Question

A surveyor has determined that a mountain is
h = 2470 ft high. From the top of the mountain he measures the angles of depression to two landmarks at the base of the mountain and finds them to be 42° and c = 38°.
The angle between the lines of sight to the landmarks is 68°. Calculate the distance between the two landmarks.

Answer 1

This is an image that is with the problem and these words were included in the description:
(Observe that these are the same as the angles of elevation from the landmarks as shown in the figure below.)

Answer 2

look at the third triangle and find two sides of it using the height and the angles provided

Answer 3

Using these:\[\frac{ 2470 }{ \sin38 }=\frac{ x }{\sin52}\] x=3161.4
\[\frac{ 2470 }{ \sin42 }=\frac{ x }{\sin16}\] x=1017.5

Then I found the angle in between to be 148.

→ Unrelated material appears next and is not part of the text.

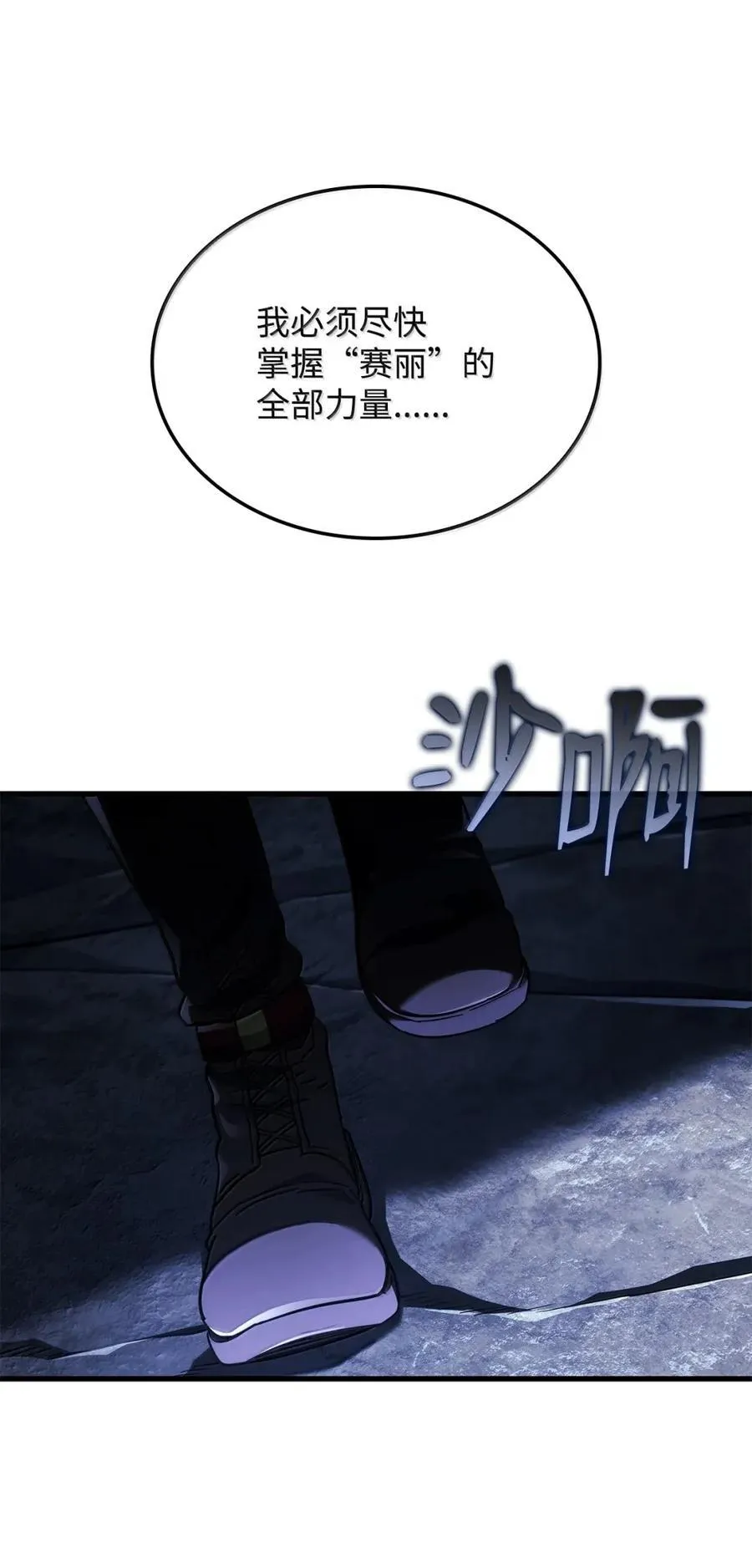 99 半人半魔7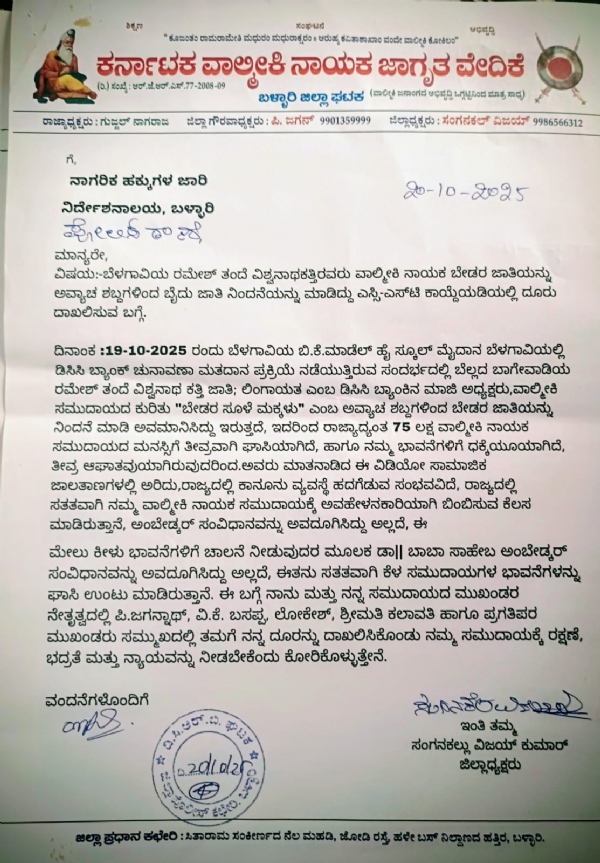 ರಮೇಶ್ ಕತ್ತಿ ವಿರುದ್ಧ ಜಾತಿ ನಿಂದನೆ ಪ್ರಕರಣ ದಾಖಲಿಸಲು ಆಗ್ರಹ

Then using law of cosines I did:\[a^2 = 3161.4^2 + 1017.5^2 - 2(3161.4)(1017.5)\cos(148)\]
This resulted in a= 4060 (I only needed it as an integer)
This answer was incorrect. Where did I go wrong?

Answer 4

sin 32=....
sin 42=....

Answer 5

you could then find the two sides of the angle 68 and then use the cos law

Answer 6

I think I must not be following. I still got 4060.2 =/